Stored dataset items:
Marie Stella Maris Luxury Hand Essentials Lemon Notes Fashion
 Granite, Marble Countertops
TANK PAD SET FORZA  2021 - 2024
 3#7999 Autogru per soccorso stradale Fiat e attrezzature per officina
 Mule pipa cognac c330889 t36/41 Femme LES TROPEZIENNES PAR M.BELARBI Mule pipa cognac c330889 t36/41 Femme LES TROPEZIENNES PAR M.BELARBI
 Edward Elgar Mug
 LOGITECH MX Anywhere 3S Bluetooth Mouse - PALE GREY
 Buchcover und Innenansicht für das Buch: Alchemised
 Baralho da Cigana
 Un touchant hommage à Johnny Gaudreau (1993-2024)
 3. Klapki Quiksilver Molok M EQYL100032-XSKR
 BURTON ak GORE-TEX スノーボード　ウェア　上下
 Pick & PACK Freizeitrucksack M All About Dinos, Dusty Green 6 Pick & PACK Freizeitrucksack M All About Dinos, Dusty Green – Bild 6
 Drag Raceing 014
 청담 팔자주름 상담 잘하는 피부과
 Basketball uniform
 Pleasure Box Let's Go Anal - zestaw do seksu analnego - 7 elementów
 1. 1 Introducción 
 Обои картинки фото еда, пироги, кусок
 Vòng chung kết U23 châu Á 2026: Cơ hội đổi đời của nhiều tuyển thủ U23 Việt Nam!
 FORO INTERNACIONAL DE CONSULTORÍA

DIRECTIONS: What you return should consist solely of the lines from the one containing "Basketball uniform" through the end of the entries above, reproduced exactly.

RESPONSE:
 Basketball uniform
 Pleasure Box Let's Go Anal - zestaw do seksu analnego - 7 elementów
 1. 1 Introducción 
 Обои картинки фото еда, пироги, кусок
 Vòng chung kết U23 châu Á 2026: Cơ hội đổi đời của nhiều tuyển thủ U23 Việt Nam!
 FORO INTERNACIONAL DE CONSULTORÍA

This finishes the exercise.